Chegamos ao apogeu de uma nova civilização. As ciências avançaram a tal ponto, que mitos caíram, efeitos e lendas foram explicados como fenômenos meramente naturais, trazendo a perspectiva de que nosso planeta tenha sido formado pelo mero acaso, assim como a constelação das estrelas no firmamento do céu, que surgiu para o nosso deleite. Somos o centro do universo, ou mesmo algo abandonado num canto dele, que terá a precípua função de vida e morte, seja no macro ou microcosmo.
Estamos aqui sozinhos, no nada, pautando nossas atitudes e ações apenas no agora, fazendo com que o amanhã não exista, muito menos a idéia de futuro. Em nome do prazer sem limites, amor e ódio não existe, e a regra é não ter regras ou escrúpulos. Talvez isto tenha desfigurado a humanidade, a ponto de nosso comportamento chegar às raias do absurdo, e estamos piores que animais, já que o fruto dos desejos promíscuos é descartado como dejetos, em rios, atrás de muros de cemitérios, em estacionamentos ou em covas rasas, assim como os desejos sórdidos que carregamos em nosso coração, movidos por nossas cobiças, invejas, ambições e individualismo.

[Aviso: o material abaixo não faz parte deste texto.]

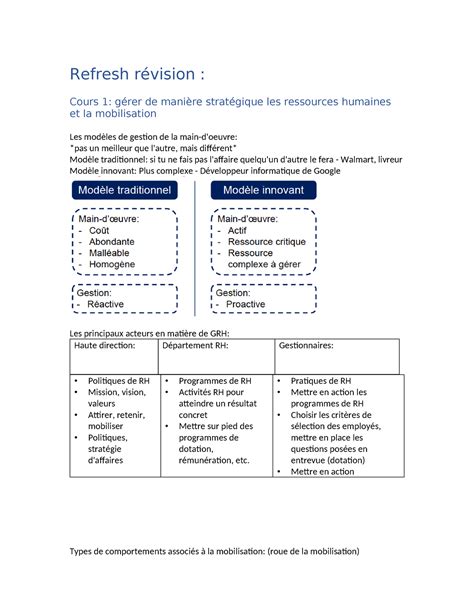 S Ance Intra R Sum Gestion Des Ressources Humaines Refresh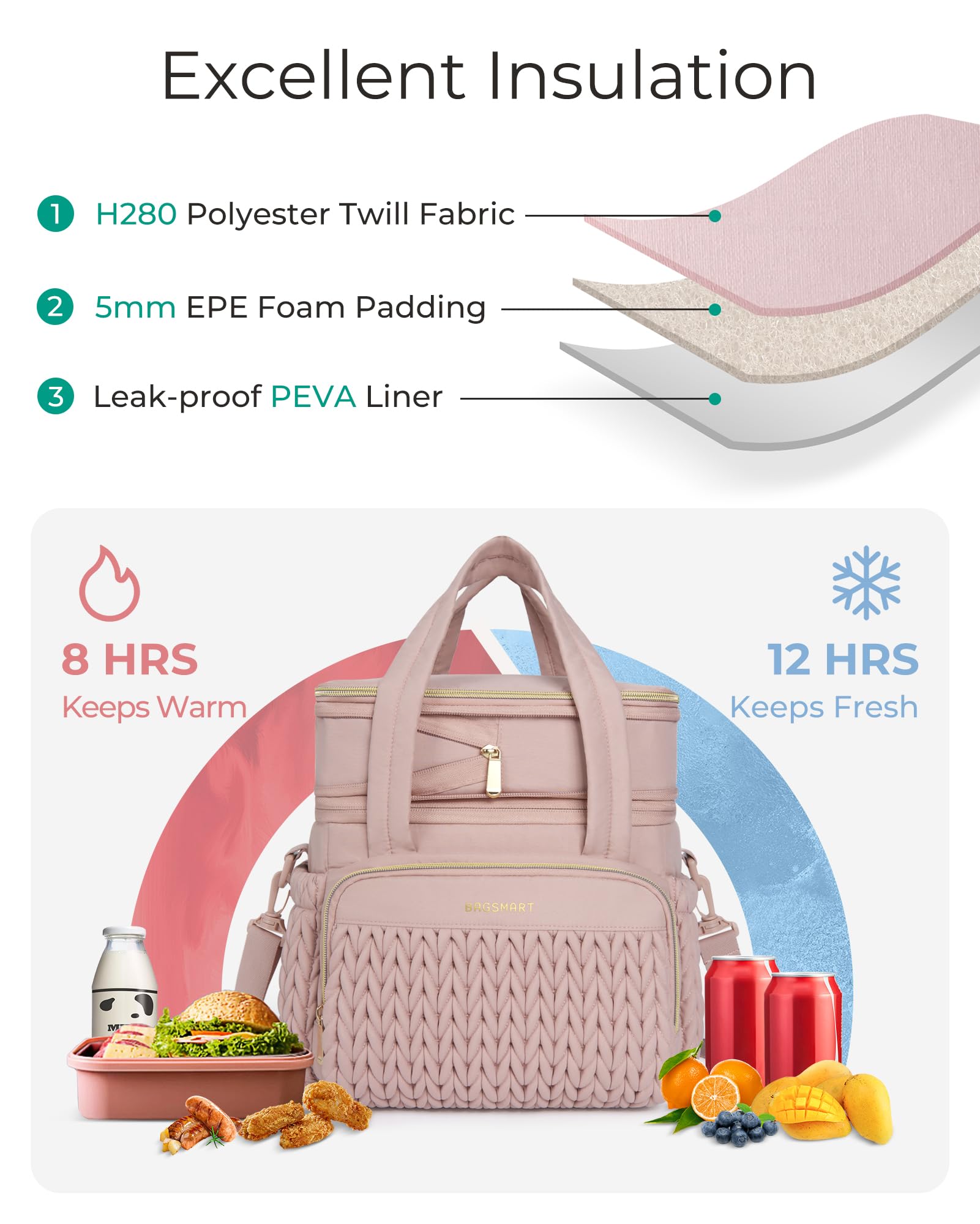 BAGSMART lonchera aislada, diseño expandible para mayor capacidad diaria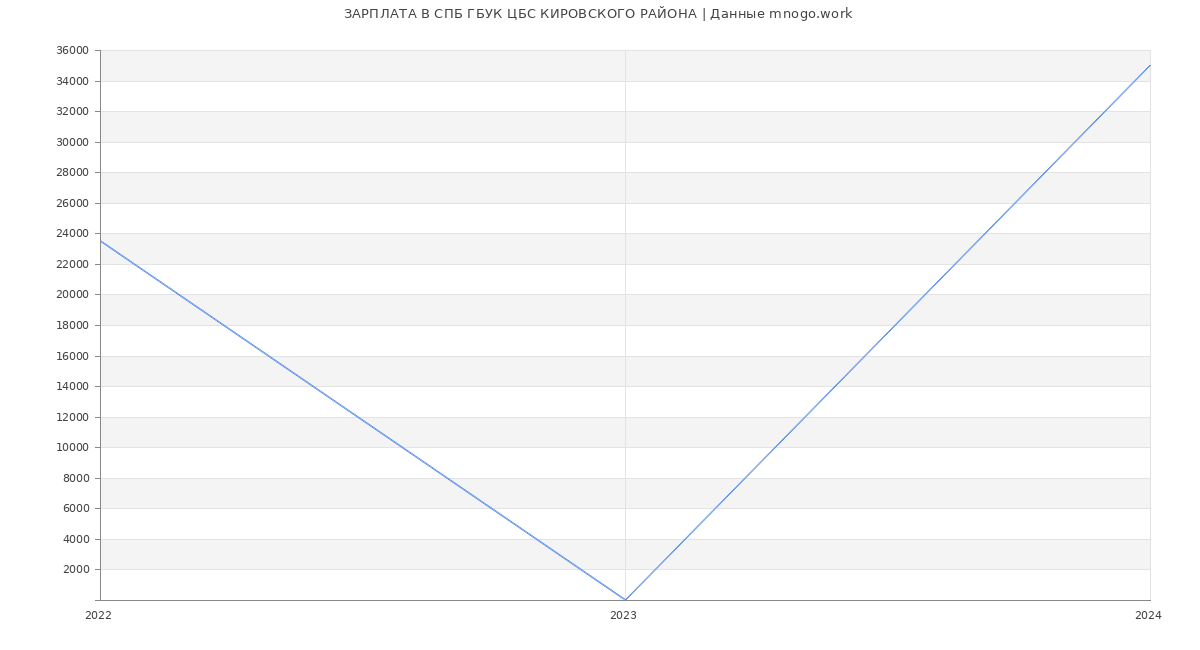 Статистика зарплат СПБ ГБУК ЦБС КИРОВСКОГО РАЙОНА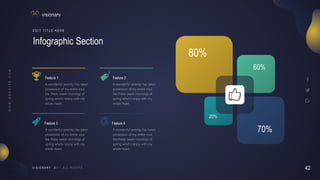 42
V I S I O N A R Y
60%
20%
80%
70%
Infographic Section
E D I T T I T L E H E R E
Feature 1 Feature 2
Feature 3 Feature 4
A wonderful serenity has taken
possession of my entire soul,
like these sweet mornings of
spring which I enjoy with my
whole heart.
A wonderful serenity has taken
possession of my entire soul,
like these sweet mornings of
spring which I enjoy with my
whole heart.
A wonderful serenity has taken
possession of my entire soul,
like these sweet mornings of
spring which I enjoy with my
whole heart.
A wonderful serenity has taken
possession of my entire soul,
like these sweet mornings of
spring which I enjoy with my
whole heart.
 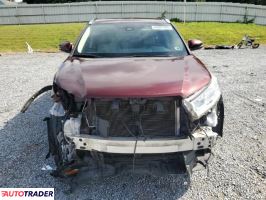 Toyota Highlander 2019 3 Toyota Highlander 2019 3
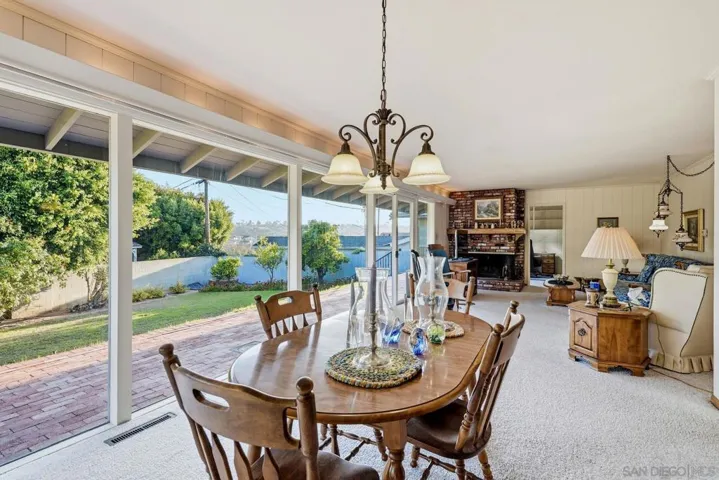 3623 Fenelon, San Diego, California 92106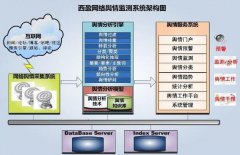 数字营销 - 网络舆情工作流程 分为 哪六个步骤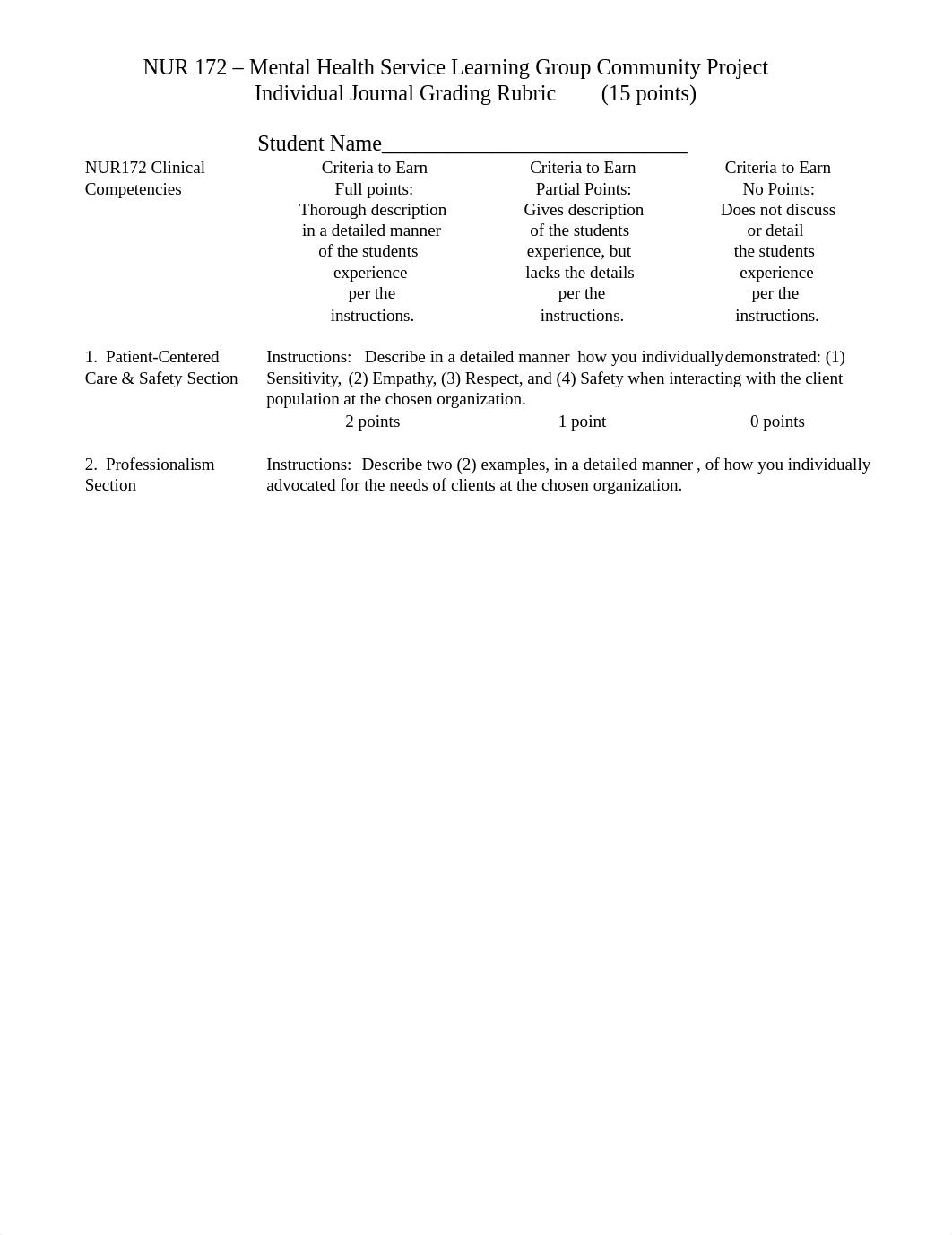 NUR172 - MH Comm Project Grading Rubric - 15 points - Fall 2020.docx_d3q8q11ugjn_page1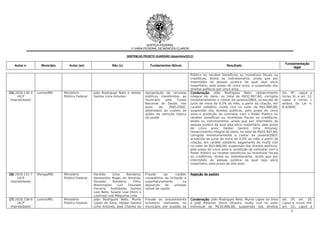 JUSTIÇA FEDERAL
                                                                         1ª VARA FEDERAL DE MONTES CLAROS

                                                                                                  (dezembro/
                                                                       SENTENÇAS PROJETO GUARDIÃO (dezembro/2012)

                                                                                                                                                                                Fundamentação
   Autos n.        Município      Autor (es)                 Réu (s)                  Fundamentos fáticos                                Resultado
                                                                                                                                                                                     legal

                                                                                                                 Público ou receber benefícios ou incentivos fiscais ou
                                                                                                                 creditícios, direta ou indiretamente, ainda que por
                                                                                                                 intermédio de pessoa jurídica da qual seja sócio
                                                                                                                 majoritário, pelo prazo de cinco anos; e suspensão dos
                                                                                                                 direitos políticos por cinco anos
15) 2010.130-3   Lontra/MG     Ministério        João Rodrigues Neto e Helder      Apropriação de recursos       Condenação: João Rodrigues Neto: ressarcimento               Art. 9º, caput e
     (ACP                      Público Federal   Santos Lima Antunes               públicos transferidos ao      integral do dano, no total de R$52.957,60, corrigida         inciso XI; e art. 12,
 improbidade)                                                                      município   pelo    Fundo     monetariamente a contar de janeiro/2003, acrescida de        caput e inciso I;
                                                                                   Nacional de Saúde, nos        juros de mora de 0,5% ao mês, a partir da citação, em        ambos da Lei n.
                                                                                   anos    de    2001/2002,      caráter solidário; multa civil no valor de R$5.000,00;       8.429/92
                                                                                   destinados ao custeio de      suspensão dos direitos políticos, pelo prazo de cinco
                                                                                   ações de atenção básica       anos e proibição de contratar com o Poder Público ou
                                                                                   da saúde                      receber benefícios ou incentivos fiscais ou creditícios,
                                                                                                                 direta ou indiretamente, ainda que por intermédio de
                                                                                                                 pessoa jurídica da qual seja sócio majoritário, pelo prazo
                                                                                                                 de cinco anos; Helder Sandro Lima Antunes:
                                                                                                                 ressarcimento integral do dano, no total de R$52.957,60,
                                                                                                                 corrigida monetariamente a contar de janeiro/2003,
                                                                                                                 acrescida de juros de mora de 0,5% ao mês, a partir da
                                                                                                                 citação, em caráter solidário; pagamento de multa civil
                                                                                                                 no valor de R$3.000,00; suspensão dos direitos políticos,
                                                                                                                 pelo prazo de cinco anos e proibição de contratar com o
                                                                                                                 Poder Público ou receber benefícios ou incentivos fiscais
                                                                                                                 ou creditícios, direta ou indiretamente, ainda que por
                                                                                                                 intermédio de pessoa jurídica da qual seja sócio
                                                                                                                 majoritário, pelo prazo de oito anos


16) 2010.131-7   Manga/MG      Ministério        Haroldo     Lima     Bandeira,    Fraude     ao       caráter   Rejeição do pedido
     (ACP                      Público Federal   Alessandro Roger de Almeida,      competitivo da licitação e
 improbidade)                                    Osvaldo     Bandeira     Filho,   superfaturamento        na
                                                 Washington     Luiz   Dourado     aquisição   de     unidade
                                                 Ferreira, Aristóteles Gomes       móvel de saúde
                                                 Leal Neto, Susete Leal Otoni e
                                                 Lealmaq Leal Máquinas Ltda
17) 2010.156-0   Lontra/MG     Ministério        João Rodrigues Neto, Murilo       Fraude ao procedimento        Condenação: João Rodrigues Neto, Murilo Lopes da Silva       art.   3º;   art.   10,
     (ACP                      Público Federal   Lopes da Silva, Helder Sandro     licitatório realizados no     e José Ribamar Vieira Oliveira: multa civil no valor         caput e inciso VIII;
 improbidade)                                    Lima Antunes, José Charles de     município, por ocasião da     individual de R$10.000,00; suspensão dos direitos            art. 12, caput e
                                                                                                                                                                                     6
 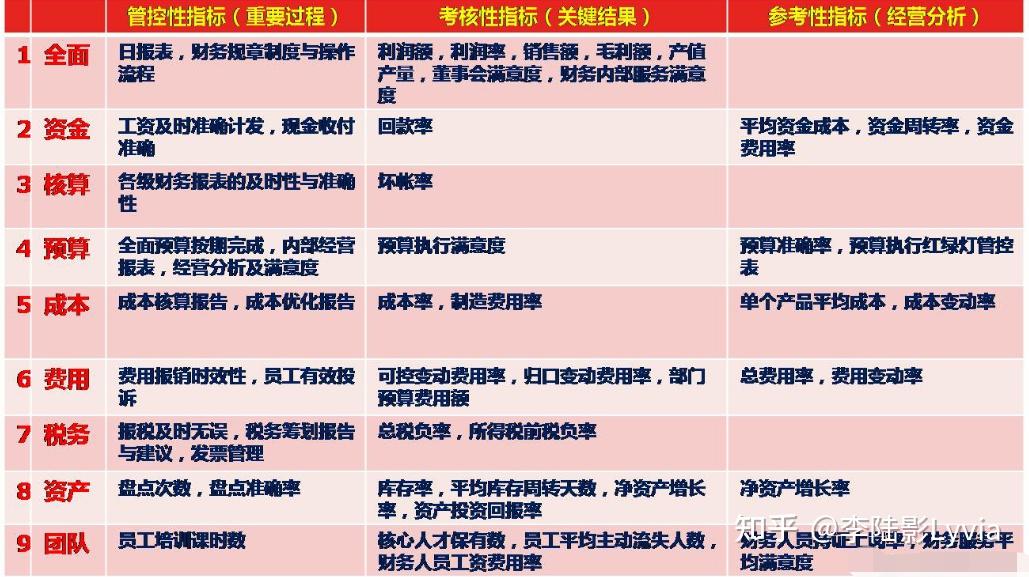 我认为,财务部门贡献的价值应该是这样的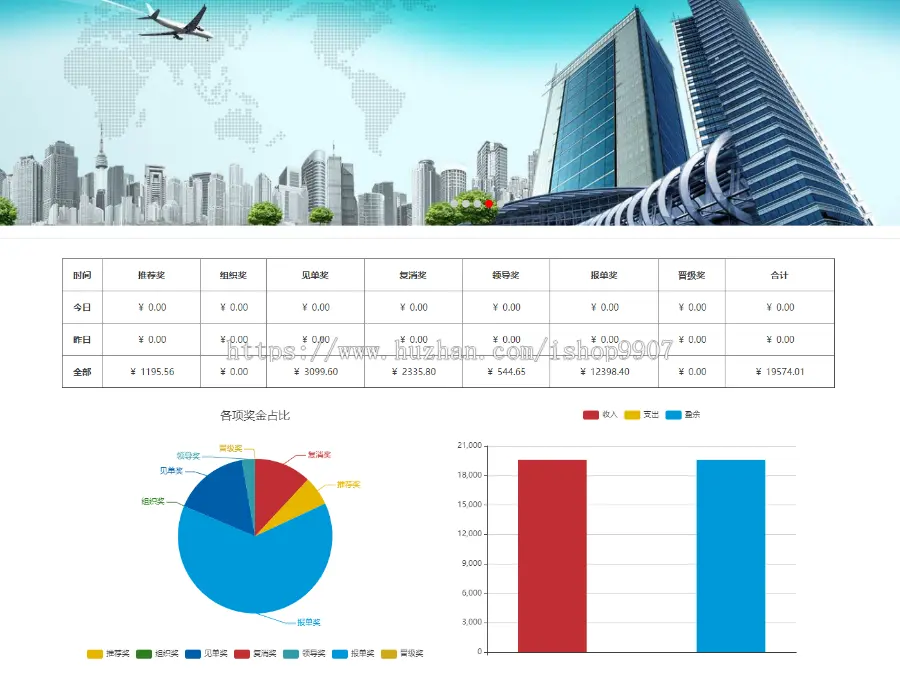 2019双轨直销系统源码，带层奖，对碰奖，量碰奖，见点奖，复消奖，报单奖，直推奖源码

Apesar da globalização e dos inúmeros fatores agregados a este processo, devemos considerar que a idéia capitalista é semelhante à marxista, onde o indivíduo some dentro do coletivo, a diferença fica apenas nos modelos doutrinários, já que na prática ricos continuam ricos e pobres continuam pobres, ambos em universos diferentes, sem a mínima possibilidade de transigirem. Sobre o ponto de vista da psicanálise, o modelo mátrio conduz ao absolutismo, e o frateo à tirania e opressão, bem lembrada pela psiquiatra, Maria Rita Kehl, em Função Fraterna, onde o filho assassina o pai e assume o comando dos irmãos. O ato cometido pelos irmãos contra o pai simbólico ou real, referido por Frued, ao mesmo tempo, da lei e da culpa. O crime compartilhado intensifica os laços fraternos e exige a produção de um ideal coletivo, que invariavelmente acaba sendo corrompido. Nesta nova concepção de pacto civilizatório, o mais forte comandará o grupo, deixando de lado todo o esforço em compor os desiguais como iguais, desrespeitando a desigualdade de cada um.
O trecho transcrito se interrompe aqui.